What you need to do: Please take the lines from the one holding "Load image into" through the one holding "Exterior of Hotel Ramcharan Residency" in the data below and copy them exactly.
--- Recorded information Enclosed Below ---
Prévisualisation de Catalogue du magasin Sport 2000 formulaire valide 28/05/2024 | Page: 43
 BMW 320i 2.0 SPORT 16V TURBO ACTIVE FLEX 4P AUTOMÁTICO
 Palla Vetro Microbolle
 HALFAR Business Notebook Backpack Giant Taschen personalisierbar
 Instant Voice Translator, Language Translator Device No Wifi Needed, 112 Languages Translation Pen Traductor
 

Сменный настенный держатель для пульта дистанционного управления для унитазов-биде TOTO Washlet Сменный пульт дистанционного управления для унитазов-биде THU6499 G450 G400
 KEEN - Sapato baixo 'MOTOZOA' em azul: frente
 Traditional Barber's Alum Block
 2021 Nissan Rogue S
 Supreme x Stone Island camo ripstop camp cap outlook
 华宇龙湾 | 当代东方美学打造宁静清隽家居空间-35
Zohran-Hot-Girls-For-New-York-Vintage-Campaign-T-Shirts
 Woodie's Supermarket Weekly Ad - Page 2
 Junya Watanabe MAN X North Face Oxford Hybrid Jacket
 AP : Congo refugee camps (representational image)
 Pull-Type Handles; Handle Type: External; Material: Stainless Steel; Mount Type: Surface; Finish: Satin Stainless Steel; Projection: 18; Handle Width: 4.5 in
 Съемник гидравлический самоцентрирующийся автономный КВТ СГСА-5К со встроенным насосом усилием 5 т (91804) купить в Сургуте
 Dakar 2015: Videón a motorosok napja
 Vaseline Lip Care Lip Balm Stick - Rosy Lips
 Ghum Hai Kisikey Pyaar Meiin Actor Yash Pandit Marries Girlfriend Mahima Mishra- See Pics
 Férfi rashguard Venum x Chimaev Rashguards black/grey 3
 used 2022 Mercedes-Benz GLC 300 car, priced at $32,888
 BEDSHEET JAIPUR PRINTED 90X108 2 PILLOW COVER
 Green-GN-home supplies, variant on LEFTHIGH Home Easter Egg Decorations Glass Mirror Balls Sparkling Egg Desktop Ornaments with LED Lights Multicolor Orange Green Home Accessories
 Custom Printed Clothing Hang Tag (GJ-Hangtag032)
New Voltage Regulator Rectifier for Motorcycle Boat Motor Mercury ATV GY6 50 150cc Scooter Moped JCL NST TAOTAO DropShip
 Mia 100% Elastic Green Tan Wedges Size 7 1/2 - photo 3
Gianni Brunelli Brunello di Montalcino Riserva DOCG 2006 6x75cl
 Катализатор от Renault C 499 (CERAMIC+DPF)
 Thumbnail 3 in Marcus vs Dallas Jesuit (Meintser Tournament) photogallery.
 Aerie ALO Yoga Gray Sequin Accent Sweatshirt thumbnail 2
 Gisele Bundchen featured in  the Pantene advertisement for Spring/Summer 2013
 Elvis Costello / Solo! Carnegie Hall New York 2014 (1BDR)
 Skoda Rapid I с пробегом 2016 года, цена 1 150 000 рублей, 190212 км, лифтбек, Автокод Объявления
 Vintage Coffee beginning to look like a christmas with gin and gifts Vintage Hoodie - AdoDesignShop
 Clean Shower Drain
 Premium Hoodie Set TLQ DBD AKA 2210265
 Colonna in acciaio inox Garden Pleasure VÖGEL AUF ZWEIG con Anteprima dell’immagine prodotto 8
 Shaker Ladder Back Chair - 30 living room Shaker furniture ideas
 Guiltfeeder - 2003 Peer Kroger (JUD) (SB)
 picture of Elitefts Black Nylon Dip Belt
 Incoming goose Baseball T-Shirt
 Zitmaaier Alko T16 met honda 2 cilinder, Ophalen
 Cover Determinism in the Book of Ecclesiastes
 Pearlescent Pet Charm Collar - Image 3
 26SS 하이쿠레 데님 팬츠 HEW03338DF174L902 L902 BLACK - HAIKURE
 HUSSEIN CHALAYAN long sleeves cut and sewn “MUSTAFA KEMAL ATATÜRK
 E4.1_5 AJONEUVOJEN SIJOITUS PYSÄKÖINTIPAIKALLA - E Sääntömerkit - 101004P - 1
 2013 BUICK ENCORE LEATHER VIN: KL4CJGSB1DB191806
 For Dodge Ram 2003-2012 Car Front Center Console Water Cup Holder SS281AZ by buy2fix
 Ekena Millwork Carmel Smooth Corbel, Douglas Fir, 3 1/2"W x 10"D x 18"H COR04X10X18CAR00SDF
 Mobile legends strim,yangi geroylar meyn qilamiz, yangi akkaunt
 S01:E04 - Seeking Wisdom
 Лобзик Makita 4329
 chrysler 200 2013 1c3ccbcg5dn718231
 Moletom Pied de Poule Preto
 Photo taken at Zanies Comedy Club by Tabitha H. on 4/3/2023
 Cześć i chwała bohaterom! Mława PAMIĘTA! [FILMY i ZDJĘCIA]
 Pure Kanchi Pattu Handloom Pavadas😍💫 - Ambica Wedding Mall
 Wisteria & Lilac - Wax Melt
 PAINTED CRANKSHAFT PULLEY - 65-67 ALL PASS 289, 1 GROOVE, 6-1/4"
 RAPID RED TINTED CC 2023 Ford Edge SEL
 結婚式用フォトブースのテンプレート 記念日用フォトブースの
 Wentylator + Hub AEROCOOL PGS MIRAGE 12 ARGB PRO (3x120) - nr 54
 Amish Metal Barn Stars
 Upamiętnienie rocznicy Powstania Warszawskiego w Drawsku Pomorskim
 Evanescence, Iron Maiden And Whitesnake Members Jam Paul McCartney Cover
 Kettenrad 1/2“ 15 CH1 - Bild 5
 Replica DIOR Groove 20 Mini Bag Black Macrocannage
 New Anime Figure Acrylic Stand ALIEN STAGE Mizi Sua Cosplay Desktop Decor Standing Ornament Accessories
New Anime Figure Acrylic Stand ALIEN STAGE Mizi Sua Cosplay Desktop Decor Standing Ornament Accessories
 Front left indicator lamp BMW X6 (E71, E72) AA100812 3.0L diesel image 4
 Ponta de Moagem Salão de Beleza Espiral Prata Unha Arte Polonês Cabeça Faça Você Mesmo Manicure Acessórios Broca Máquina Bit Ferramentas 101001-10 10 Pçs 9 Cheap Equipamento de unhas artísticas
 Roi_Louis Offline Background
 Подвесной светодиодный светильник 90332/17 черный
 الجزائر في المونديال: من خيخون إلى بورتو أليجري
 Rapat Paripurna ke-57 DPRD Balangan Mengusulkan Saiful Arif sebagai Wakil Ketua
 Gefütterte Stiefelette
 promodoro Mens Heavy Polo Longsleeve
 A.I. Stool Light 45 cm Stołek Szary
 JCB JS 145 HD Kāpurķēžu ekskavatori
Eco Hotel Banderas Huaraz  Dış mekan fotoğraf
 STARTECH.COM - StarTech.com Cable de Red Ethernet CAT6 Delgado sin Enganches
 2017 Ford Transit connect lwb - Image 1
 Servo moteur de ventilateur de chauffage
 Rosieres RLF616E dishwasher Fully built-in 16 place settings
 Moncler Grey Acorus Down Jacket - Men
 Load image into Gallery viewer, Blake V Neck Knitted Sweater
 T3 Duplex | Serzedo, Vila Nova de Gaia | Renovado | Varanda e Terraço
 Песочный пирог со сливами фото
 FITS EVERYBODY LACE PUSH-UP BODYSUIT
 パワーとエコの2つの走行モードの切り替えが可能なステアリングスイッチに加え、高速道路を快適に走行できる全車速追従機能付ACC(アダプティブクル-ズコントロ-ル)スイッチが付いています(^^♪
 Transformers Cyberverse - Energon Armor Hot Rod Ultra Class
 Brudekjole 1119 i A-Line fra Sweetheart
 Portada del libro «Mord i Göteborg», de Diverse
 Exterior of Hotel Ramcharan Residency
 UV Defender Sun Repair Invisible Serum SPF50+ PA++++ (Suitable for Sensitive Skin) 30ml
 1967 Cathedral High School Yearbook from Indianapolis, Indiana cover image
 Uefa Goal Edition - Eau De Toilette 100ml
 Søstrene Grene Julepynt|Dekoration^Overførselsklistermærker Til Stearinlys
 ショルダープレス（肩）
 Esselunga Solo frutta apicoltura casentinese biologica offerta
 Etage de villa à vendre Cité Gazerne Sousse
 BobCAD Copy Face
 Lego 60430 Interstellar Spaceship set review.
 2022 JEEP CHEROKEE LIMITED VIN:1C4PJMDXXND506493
--- End of Enclosed Recorded information ---
Result for this task:
 Load image into Gallery viewer, Blake V Neck Knitted Sweater
 T3 Duplex | Serzedo, Vila Nova de Gaia | Renovado | Varanda e Terraço
 Песочный пирог со сливами фото
 FITS EVERYBODY LACE PUSH-UP BODYSUIT
 パワーとエコの2つの走行モードの切り替えが可能なステアリングスイッチに加え、高速道路を快適に走行できる全車速追従機能付ACC(アダプティブクル-ズコントロ-ル)スイッチが付いています(^^♪
 Transformers Cyberverse - Energon Armor Hot Rod Ultra Class
 Brudekjole 1119 i A-Line fra Sweetheart
 Portada del libro «Mord i Göteborg», de Diverse
 Exterior of Hotel Ramcharan Residency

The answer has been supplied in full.